» Directions for this task
Copy out the data below as written; omit any images.

» Given data
=====
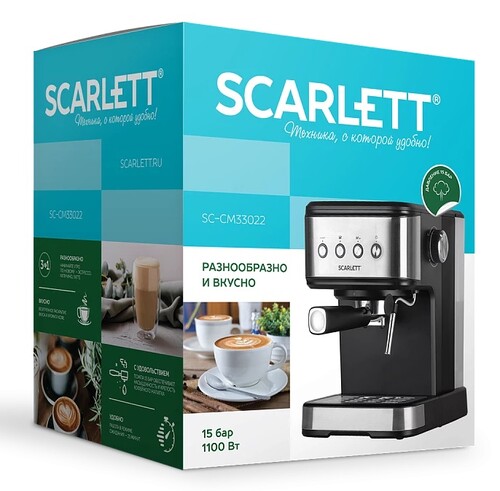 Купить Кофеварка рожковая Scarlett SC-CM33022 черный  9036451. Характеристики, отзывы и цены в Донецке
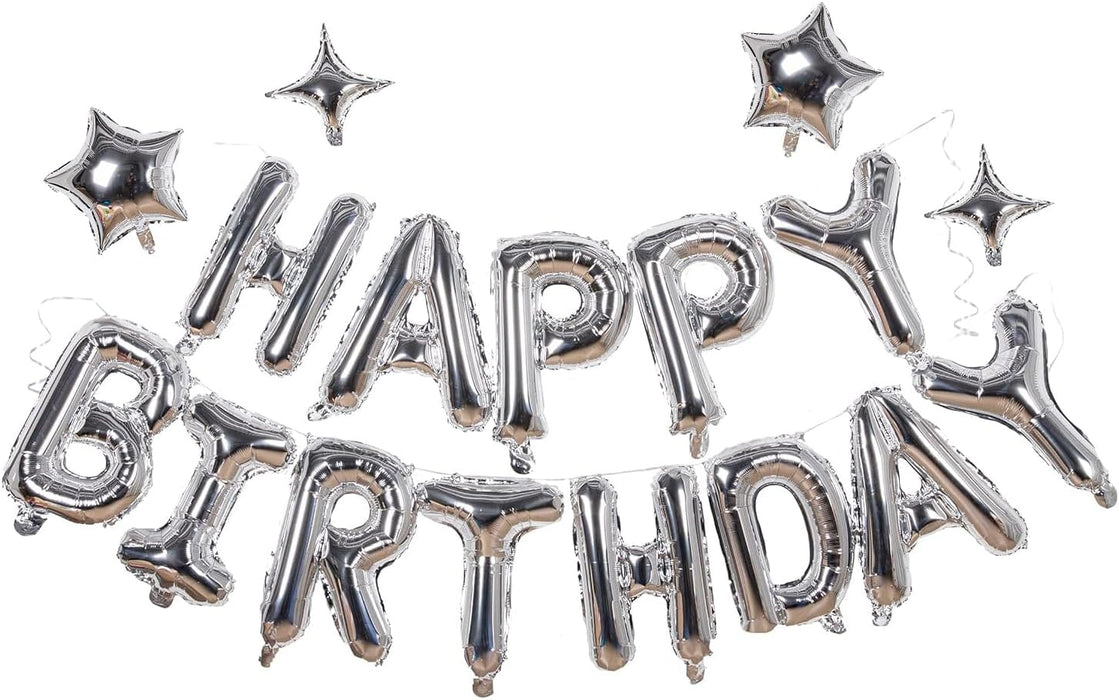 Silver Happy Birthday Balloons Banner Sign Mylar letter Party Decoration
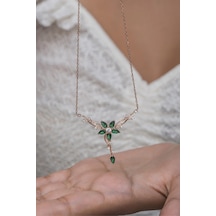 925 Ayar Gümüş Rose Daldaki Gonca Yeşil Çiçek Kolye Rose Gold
=====
» Solution below
 Купить Кофеварка рожковая Scarlett SC-CM33022 черный  9036451. Характеристики, отзывы и цены в Донецке
 Silver Happy Birthday Balloons Banner Sign Mylar letter Party Decoration
 925 Ayar Gümüş Rose Daldaki Gonca Yeşil Çiçek Kolye Rose Gold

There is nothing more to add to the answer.